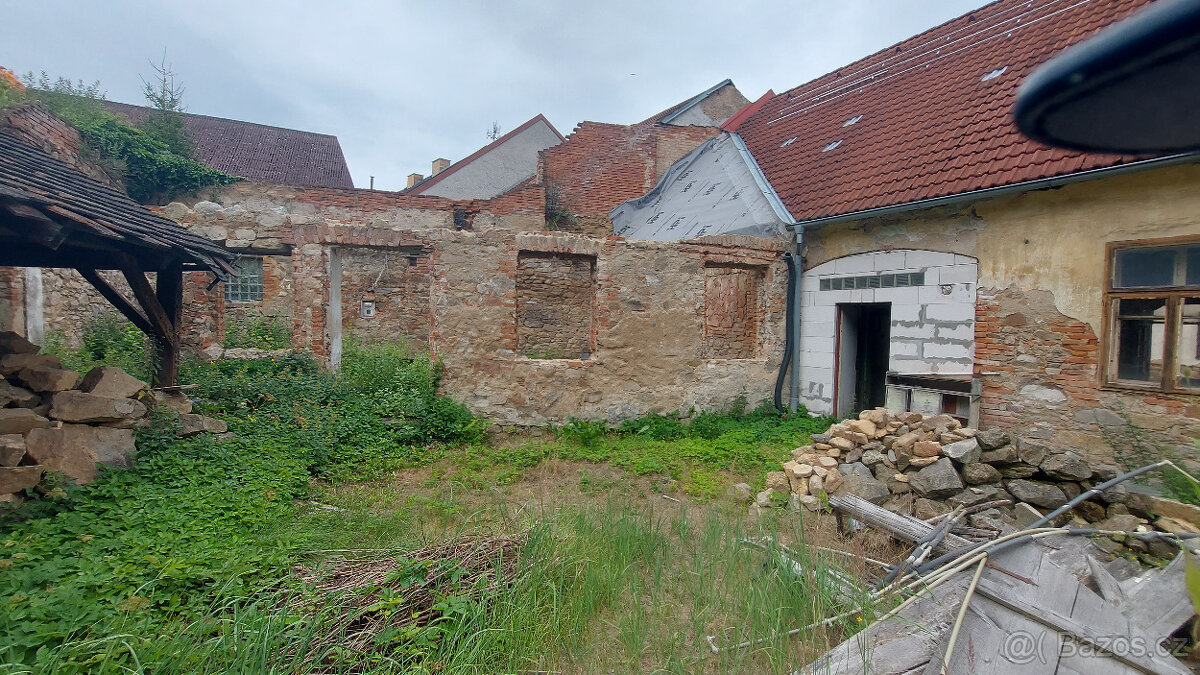 Prodej domu v centru Nepomuku - 6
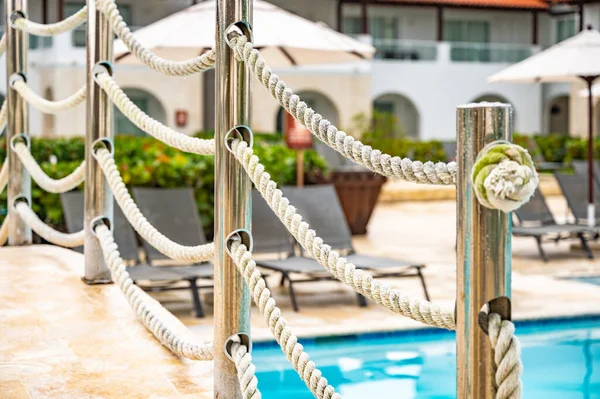 Puente Sobre Piscina Con Barandillas Metálicas Una Cuerda —  Fotos de Stock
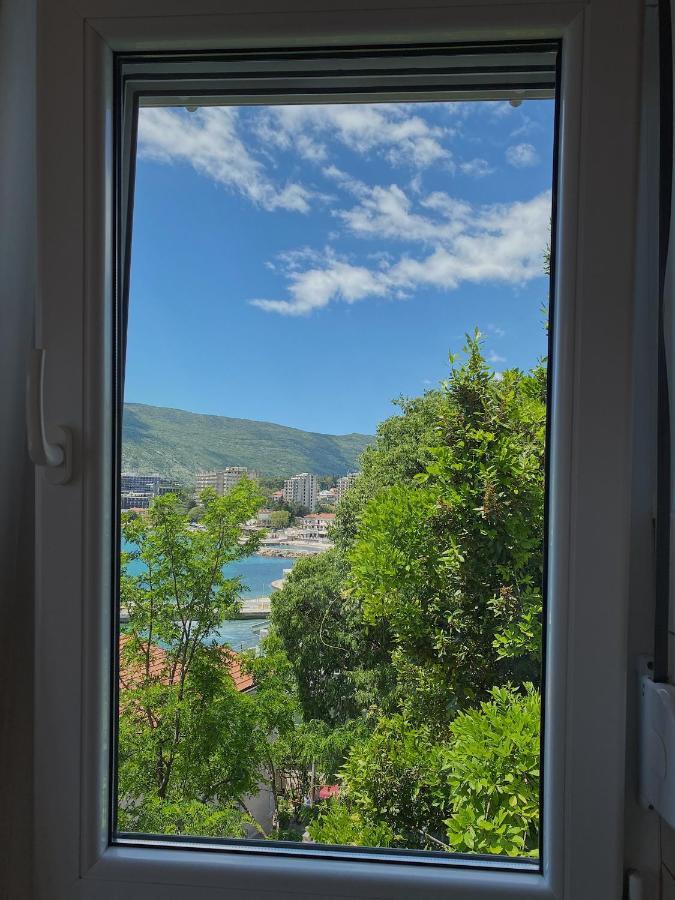 Apartments Bellevue - Otasevic Herceg Novi Bagian luar foto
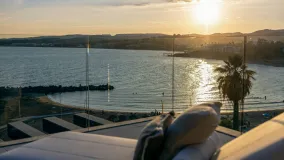 Apartamento de 2 dormitorios en venta en Estepona Puerto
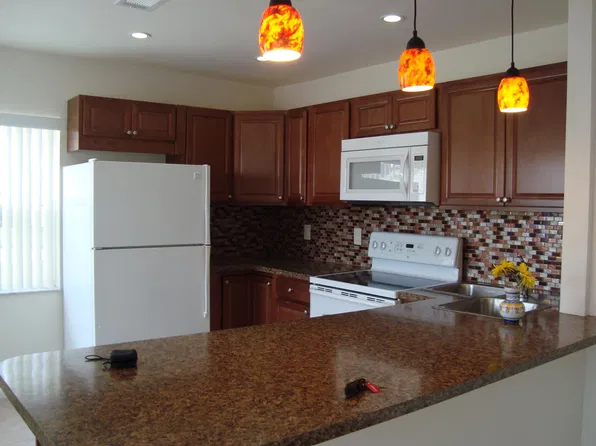 2570 Forest Run Ct, Clearwater, FL 33761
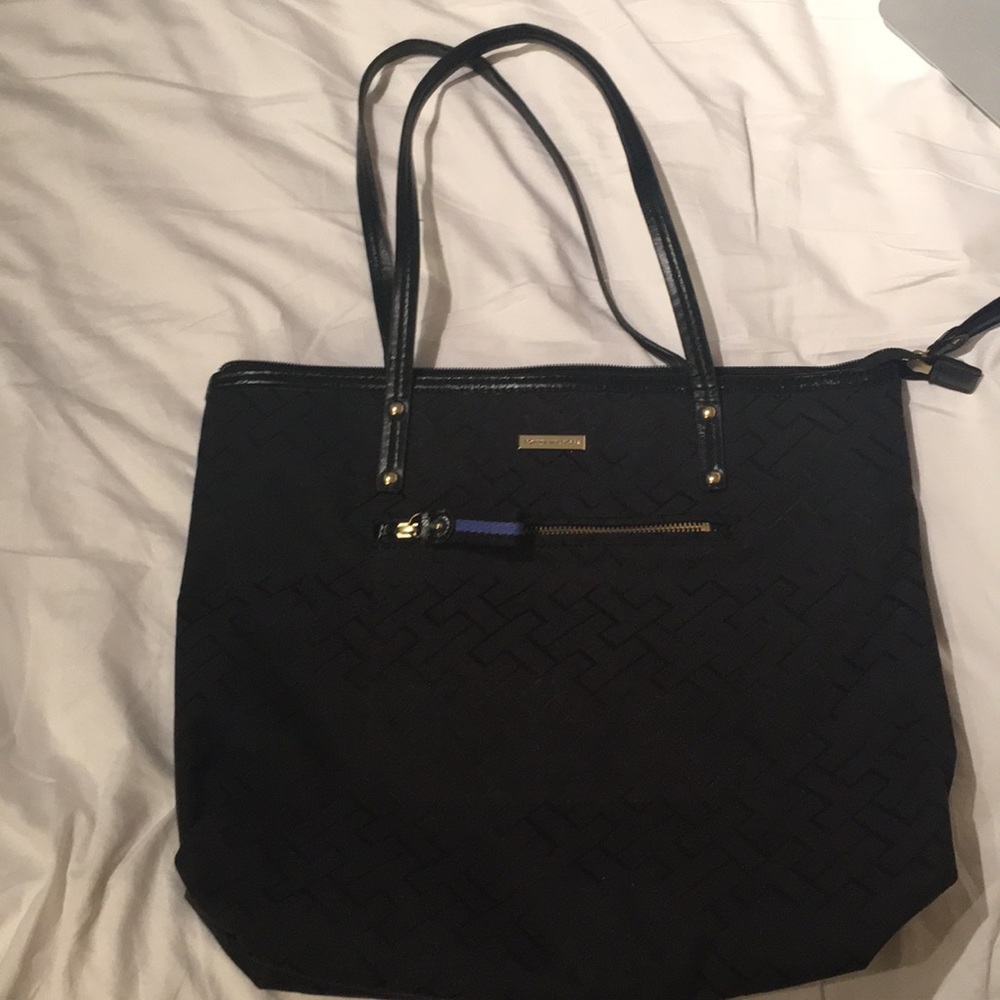 Tommy Hilfiger bag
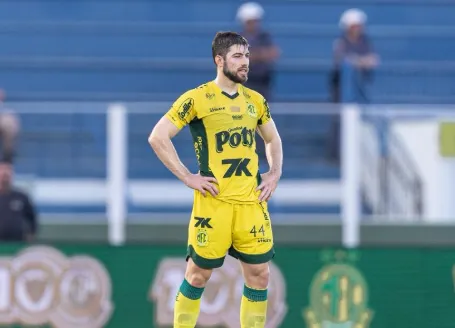 Gabriel Knesowitsch segue invicto e mira permanência do Mirassol no Brasileirão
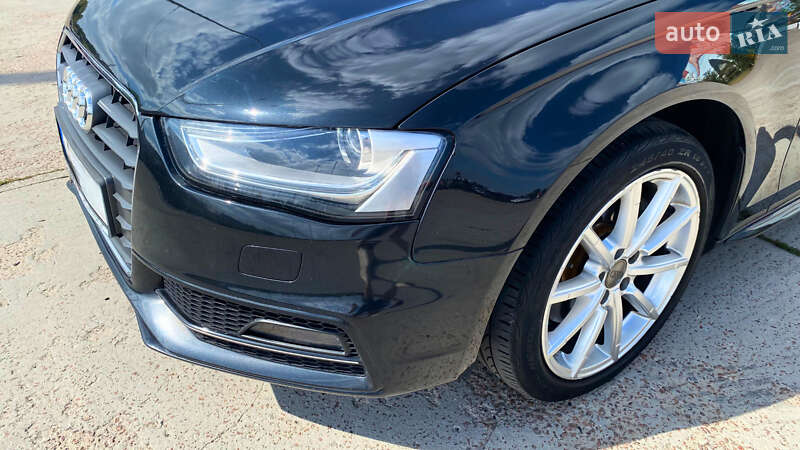 Седан Audi A4 2013 в Киеве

-=-=-=-=-

§ **WHAT YOU WILL DO**
Please copy the data above word for word, but only from the line that contains "2570 Forest Run Ct, Clearwater, FL 33761" through the final line, both included, and without the pictures.

§ **RESULT**
 2570 Forest Run Ct, Clearwater, FL 33761
 Tommy Hilfiger bag
 Gabriel Knesowitsch segue invicto e mira permanência do Mirassol no Brasileirão
 Седан Audi A4 2013 в Киеве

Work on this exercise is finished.